Government Response to Petitions

Since 1986, the Standing Orders have provided that the Ministry shall respond within 45 calendar days to every petition referred to it.94 After petitions are presented to the House, the Clerk of the House ensures the original petition is forwarded to the Privy Council Office,95 which makes arrangements with the appropriate government departments and agencies for the preparation and collection of replies. Government responses to petitions are generally tabled in the House during Routine Proceedings under the rubric “Tabling of Documents”, but may also be deposited with the Clerk.96 Petitions receive individual responses. Any Member who has presented a petition is provided with a copy of the response after it is tabled.
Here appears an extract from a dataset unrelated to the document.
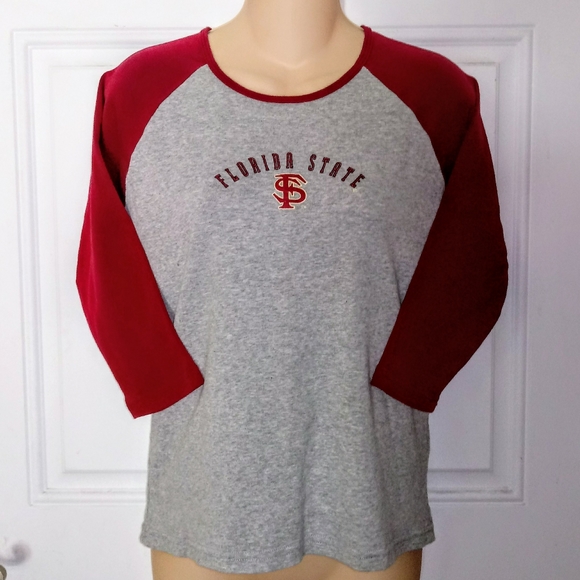 💚💲4/$20. FSU Seminoles Tee Shirt Top, L 11 juniors - Picture 4 of 7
After being tabled in the House, government responses to petitions (unlike the petitions themselves) become sessional papers.97

The tabling of government responses to petitions is entered in the Journals. If the tabling is done during Routine Proceedings, the government spokesperson, usually the Parliamentary Secretary to the Leader of the Government in the House of Commons, simply informs the House that responses to a certain number of petitions are being tabled; no reference is made to specific petitions or the content of the responses, and the intervention is transcribed in the Debates.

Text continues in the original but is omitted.